I can throw is that $\mid\zeta-\alpha \mid\geq\mid\zeta|-\mid\alpha\mid=1-\mid\alpha\mid$ on the concerned disk, but otherwise I am stuck.
Thanks in advance!
Best Answer
That is a consequence of the “maximum modulus principle,“ and you can prove it using the Cauchy Integral Formula (compare https://proofwiki.org/wiki/Maximum_Modulus_Principle). The “trick” is to apply the CIF not to an arbitrary point, but to the point where $|F|$ attains its maximal value:
As a continuous function, $|F|$ attains it maximum on the closed disk $\bar D(0,1)$ at some point $\alpha$. Now assume that $$ |F(\alpha)| = \max \{ |f(z)| : z \in \bar D(0,1) \} > 1 \, . $$ It is clear that $\alpha$ lies in the open disk $D(0, 1)$. If $r > 0$ is sufficiently small then $D(\alpha,r) \subset D(0, 1)$ and we can apply the Cauchy Integral Formula to $\alpha$ and the circle $|z - \alpha| = r$.

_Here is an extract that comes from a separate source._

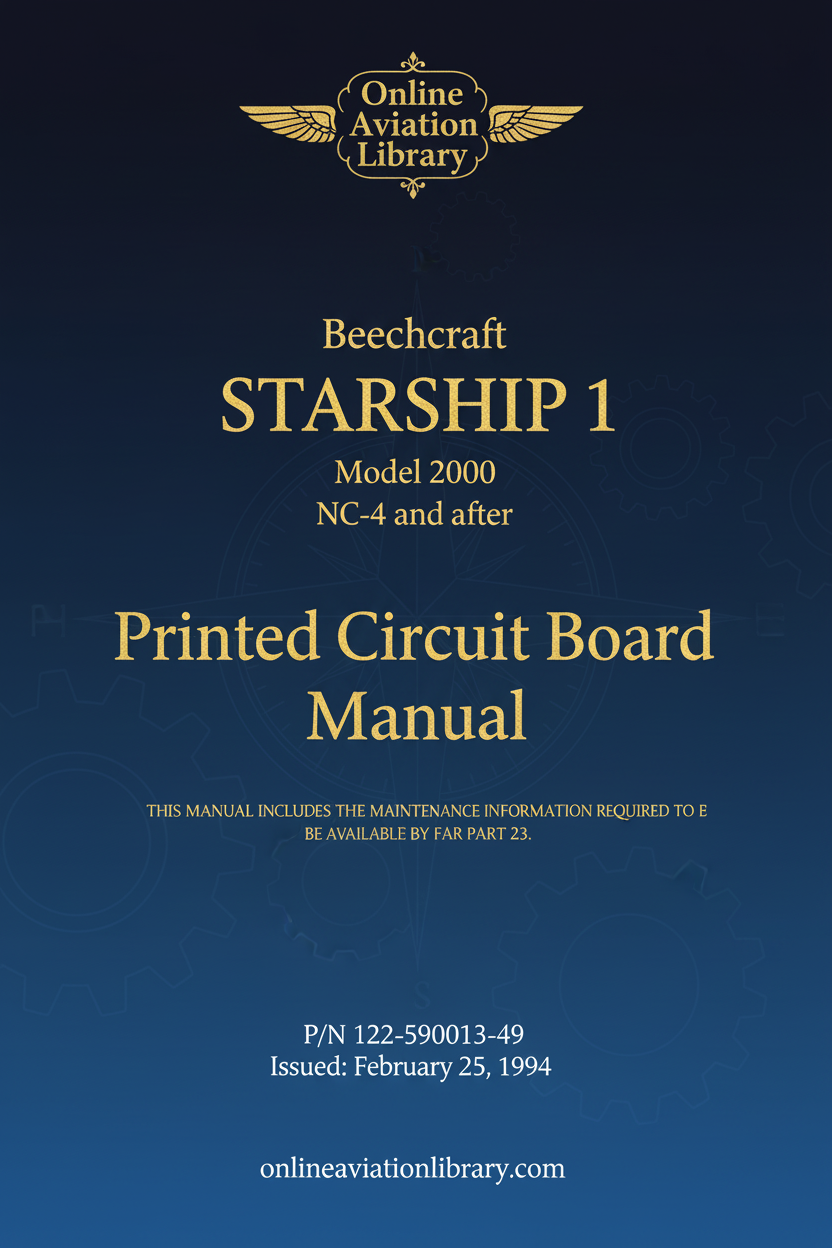 Beechcraft Starship 1 Model 2000 Printed Circuit Board Manual Cover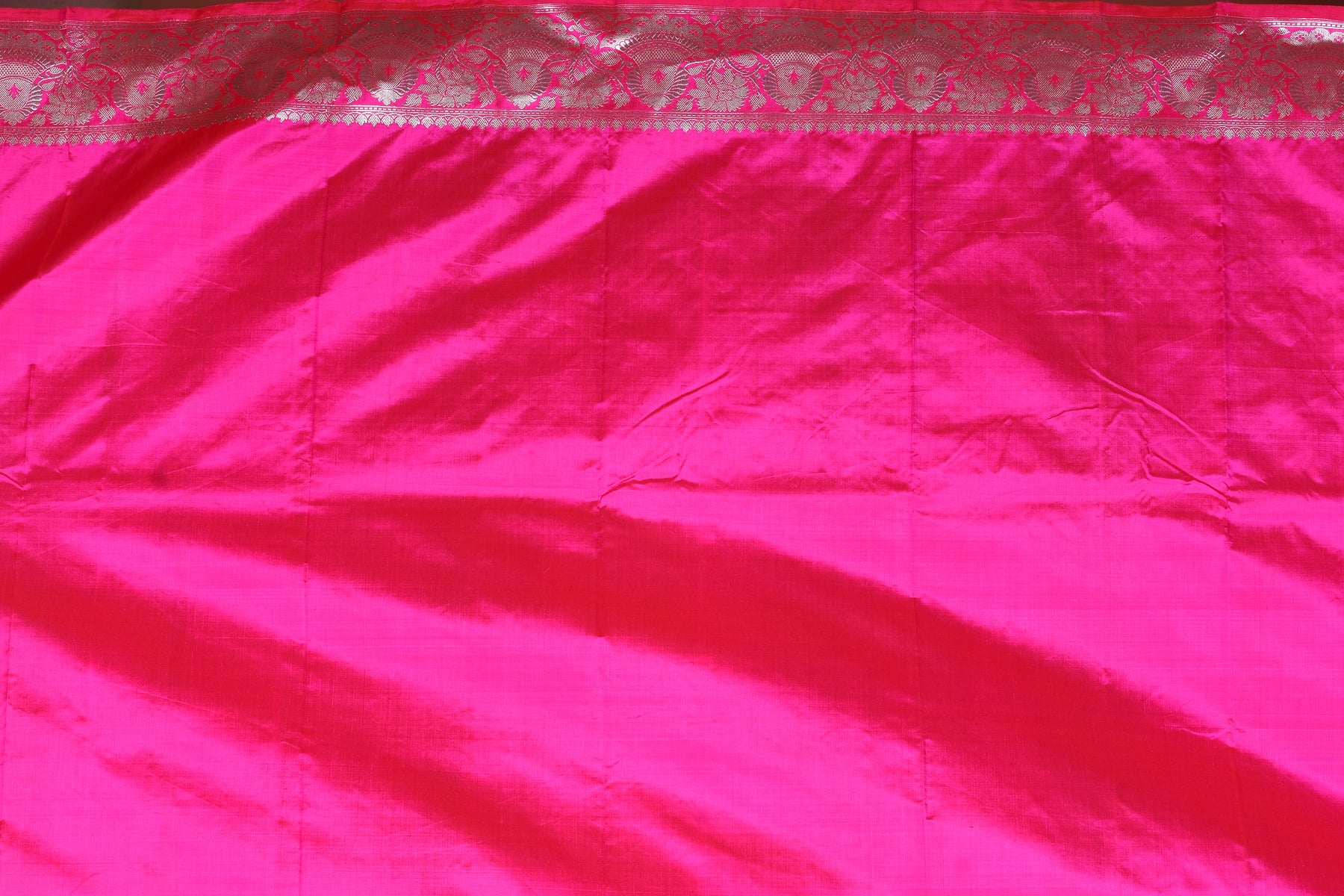 Deep Pink Pure Katan Saree with Golden Borders - Keya Seth Exclusive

Conclude that $|F(z)| = |F(\alpha)|$ on the circle $|z - \alpha| = r$ and consequently, $|F(z)| = |F(\alpha)|$ for $|z-\alpha| \le r$, i.e. that $|F|$ is constant in a neighborhood of $\alpha$.
Then use (for example) the Cauchy-Riemann equations to show that $F$ is constant in a neighborhood of $\alpha$.
Finally it follows from the identity principle that $F$ is constant in $D(0, 1)$ and because of the continuity, constant on $\bar D(0, 1)$. This is a contradiction because $|F(\alpha)| > 1$ but $|F(z)| \le 1$ on the boundary.